You’ve done the special needs training, got a great special needs co-ordinator who works closely with you - but what do you do when you get a disabled child with a condition neither of you has dealt with?

When that disability is rare, with perhaps only a few thousand afflicted nationwide, teachers can find themselves working in a position of ignorance, unsure what expectations they should have of sufferers, not knowing what is a behavioural trait of the disability and what is naughtiness.

Most of us know about muscular dystrophy, but few will have heard of Duchenne Muscular Dystrophy (DMD), a form of the disease that affects 2,000 to 3,000 boys in the UK, confining them to a wheelchair by the age of 10, and killing them, if no treatment is given, before they are 20. Even fewer people know that what presents as a muscle-wasting disease can also bring with it serious learning difficulties and behavioural issues.

Nick Catlin and Janet Hoskin’s son Saul was born in 2000 and diagnosed shortly afterwards with DMD. Their lives were devastated by the diagnosis, and by the ignorance that surrounds the condition.

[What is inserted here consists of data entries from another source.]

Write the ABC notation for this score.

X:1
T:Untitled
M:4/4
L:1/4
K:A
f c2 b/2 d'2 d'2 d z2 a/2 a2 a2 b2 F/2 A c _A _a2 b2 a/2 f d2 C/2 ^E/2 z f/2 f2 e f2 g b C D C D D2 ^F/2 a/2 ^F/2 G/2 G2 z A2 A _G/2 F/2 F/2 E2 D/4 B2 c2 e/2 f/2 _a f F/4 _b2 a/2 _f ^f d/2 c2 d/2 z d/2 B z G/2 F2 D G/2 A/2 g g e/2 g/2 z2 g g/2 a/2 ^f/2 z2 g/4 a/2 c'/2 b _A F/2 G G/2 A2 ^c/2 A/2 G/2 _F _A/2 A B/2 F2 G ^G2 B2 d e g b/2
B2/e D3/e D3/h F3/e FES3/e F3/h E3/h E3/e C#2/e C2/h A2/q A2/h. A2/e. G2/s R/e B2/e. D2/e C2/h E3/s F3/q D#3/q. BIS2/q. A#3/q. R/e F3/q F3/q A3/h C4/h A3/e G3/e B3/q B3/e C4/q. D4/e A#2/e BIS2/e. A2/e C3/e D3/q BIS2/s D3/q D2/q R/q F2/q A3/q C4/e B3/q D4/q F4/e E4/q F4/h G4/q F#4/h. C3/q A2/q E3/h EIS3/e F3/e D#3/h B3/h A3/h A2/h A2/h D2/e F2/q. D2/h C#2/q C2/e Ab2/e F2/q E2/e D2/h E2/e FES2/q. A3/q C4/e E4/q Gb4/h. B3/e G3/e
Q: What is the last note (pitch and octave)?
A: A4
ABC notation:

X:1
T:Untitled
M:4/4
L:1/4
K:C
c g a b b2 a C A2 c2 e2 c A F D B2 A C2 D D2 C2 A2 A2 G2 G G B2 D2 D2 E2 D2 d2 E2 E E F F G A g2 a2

This prompted them to set up their own group for parents.

“Few people had heard of it when we started our group, so we decided to pull together everything we thought parents, carers and teachers needed to know,” Nick says.

The result is an impressive “toolkit” - a thick booklet which sets out what the disease is, how to get assessments done, and, most helpfully for teachers, what effects on behaviour and learning the condition can have, including teaching tips for overcoming those problems.

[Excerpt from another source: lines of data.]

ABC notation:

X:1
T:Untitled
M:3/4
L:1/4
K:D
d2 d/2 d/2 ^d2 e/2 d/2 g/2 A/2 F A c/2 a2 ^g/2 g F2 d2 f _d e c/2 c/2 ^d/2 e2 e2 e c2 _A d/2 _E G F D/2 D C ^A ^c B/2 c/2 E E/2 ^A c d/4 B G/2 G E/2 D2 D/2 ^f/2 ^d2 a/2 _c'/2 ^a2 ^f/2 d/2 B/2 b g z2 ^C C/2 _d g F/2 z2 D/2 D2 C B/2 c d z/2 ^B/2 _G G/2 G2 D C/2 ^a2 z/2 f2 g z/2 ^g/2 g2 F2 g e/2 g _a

Nick and Janet began work on the toolkit in response to requests from parents and professionals who felt that children with DMD were getting a raw deal at school, simply because there was not enough information in the public domain about the condition and the way it affected learning.

“What we need to say to teachers and Sencos is that while DMD is clearly a physical disability, the danger is that concentrating on that aspect stops them from appreciating the problems it can cause with behaviour and learning,” Nick says.

“Children with DMD are missing a protein called dystrophin from their muscles and their brain. Without dystrophin in the brain, some areas may not function as efficiently, and this probably results in the learning problems that children with DMD have.”

Nick says there is a definite pattern of DMD behaviour and learning problems which is going unrecognised in schools. Boys with the condition have specific verbal and memory span problems, which can affect early reading because of their difficulty with phonic processing.

Behaviour, too, can seem defiant as children find it difficult to retain and process strings of instructions. A request from a teacher to “tidy your things, pick up your books, take them over to the shelf and put them away”

may be ignored or only partially followed, not because the boy is naughty but because he can’t remember what he is supposed to be doing.

“Bad parenting is sometimes blamed, which is not helpful. What we are asking teachers to do is to get a full assessment of any child about whose behaviour or learning they have worries. Look beyond a quick-fire assessment that says ‘this is purely a physical disability’. And see parents as allies, ask them the right questions about their child, so that we can work together.”

The value of the toolkit for teachers and Sencos is that it offers not only an overview of the condition and teaching tips but a checklist in the case of a child who may not be diagnosed yet.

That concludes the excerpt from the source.